GCM Nonce-Misuse/Forbidden Attack Vulnerability. It involves the leaking of bits of the hash subkey used to generate the authentication tag if the same initialization vector is used to authenticate multiple messages. This allows an attacker to embed a valid signature for an altered message. To resolve this vulnerability within this GCM implementation call cryptx_aes_init again with a new initialization vector after you return a digest for a data stream. For more details on this vulnerability click here.

2

Chosen Plaintext Attack. An attack against a cryptosystem involving requesting multiple encryptions while controlling bits of the input plaintext. This allows an attacker to reveal bits of the encryption secret. To resolve this vulnerability the output of an encryption algorithm needs to be securely random. See Initialization Vector Requirements.

3

Many-Time Pad.
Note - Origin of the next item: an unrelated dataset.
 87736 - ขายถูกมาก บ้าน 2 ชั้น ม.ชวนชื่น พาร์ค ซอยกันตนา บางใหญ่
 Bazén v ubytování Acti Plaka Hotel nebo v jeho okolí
This vulnerability derived from the One-Time Pad algorithm which was one of the first encryption algorithms developed. It involved XOR’ing a message with a key of equal length and had perfect secrecy. Issues arose with this algorithm if the key began to repeat, which would reveal the plaintext given only a few ciphertexts. AES CTR and GCM modes use the counter block within the IV to generate a one-time pad and therefore are subject to this vulnerability. To resolve this vulnerability ensure that you do not allow your counter/nonce block combination to repeat under the same key.